22

When creating a Sequential model in Keras, I understand you provide the input shape in the first layer. Does this input shape then make an implicit input layer?

For example, the model below explicitly specifies 2 Dense layers, but is this actually a model with 3 layers consisting of one input layer implied by the input shape, one hidden dense layer with 32 neurons, and then one output layer with 10 possible outputs?

model = Sequential([
    Dense(32, input_shape=(784,)),
    Activation('relu'),
    Dense(10),
    Activation('softmax'),
])
desertnaut
  • 57,590
  • 26
  • 140
  • 166
blackHoleDetector
  • 2,975
  • 2
  • 13
  • 13

2 Answers2

30

Well, it actually is an implicit input layer indeed, i.e. your model is an example of a "good old" neural net with three layers - input, hidden, and output. This is more explicitly visible in the Keras Functional API (check the example in the docs), in which your model would be written as:

inputs = Input(shape=(784,))                 # input layer
x = Dense(32, activation='relu')(inputs)     # hidden layer
outputs = Dense(10, activation='softmax')(x) # output layer

model = Model(inputs, outputs)

Actually, this implicit input layer is the reason why you have to include an input_shape argument only in the first (explicit) layer of the model in the Sequential API - in subsequent layers, the input shape is inferred from the output of the previous ones (see the comments in the source code of core.py).

You may also find the documentation on tf.contrib.keras.layers.Input enlightening.

desertnaut
  • 57,590
  • 26
  • 140
  • 166
2

It depends on your perspective :-)

Rewriting your code in line with more recent Keras tutorial examples, you would probably use:

model = Sequential()
model.add(Dense(32, activation='relu', input_dim=784))
model.add(Dense(10, activation='softmax')

...which makes it much more explicit that you only have 2 Keras layers.
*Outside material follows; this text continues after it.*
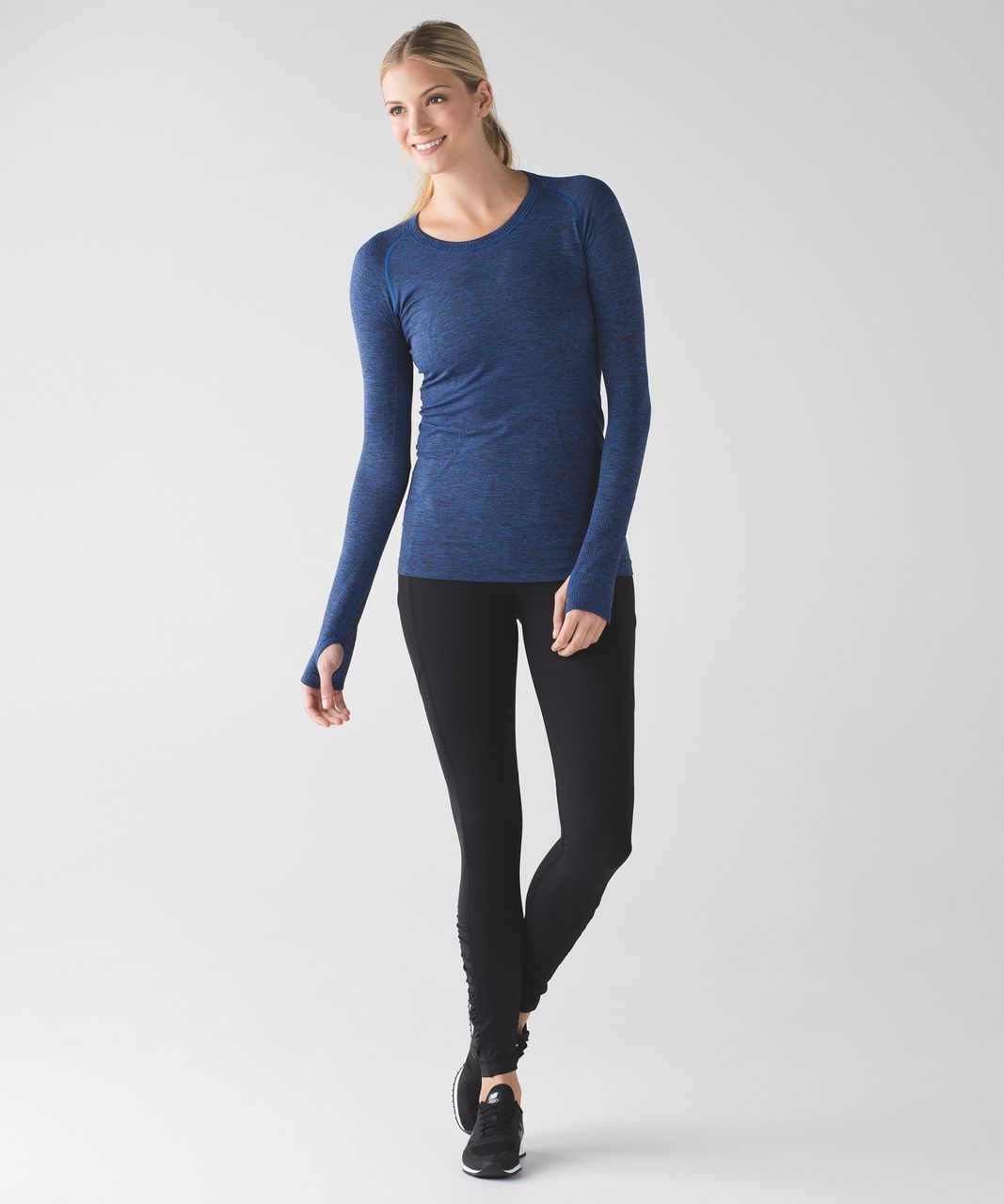 Lululemon heathered sapphire blue long sleeve swiftly - Agent Athletica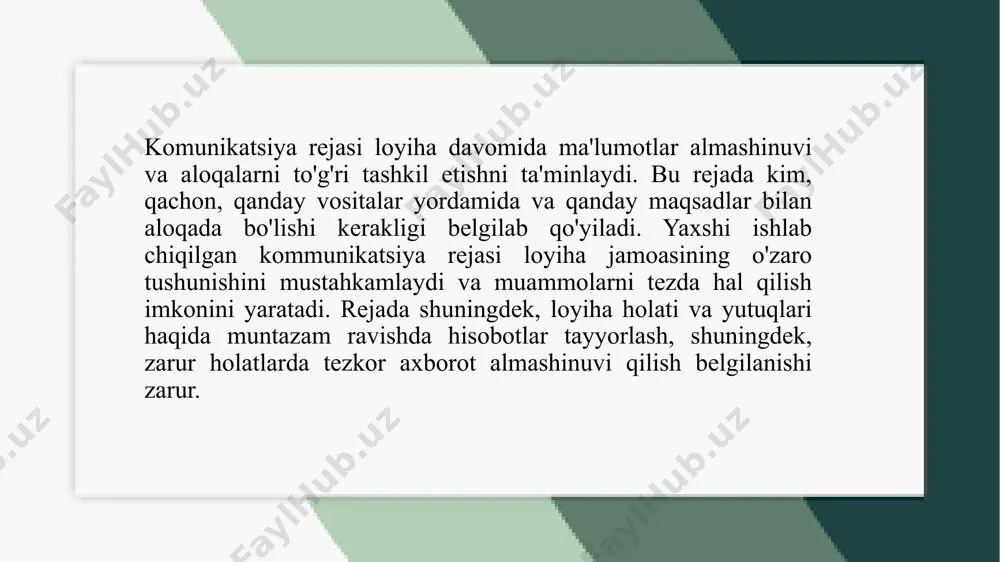 loyiha boshqaruvini tashkil etish - Page 5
And this is exactly what you do have (in Keras, at least) because the "input layer" is not really a (Keras) layer at all: it's only a place to store a tensor, so it may as well be a tensor itself.

Each Keras layer is a transformation that outputs a tensor, possibly of a different size/shape to the input. So while there are 3 identifiable tensors here (input, outputs of the two layers), there are only 2 transformations involved corresponding to the 2 Keras layers.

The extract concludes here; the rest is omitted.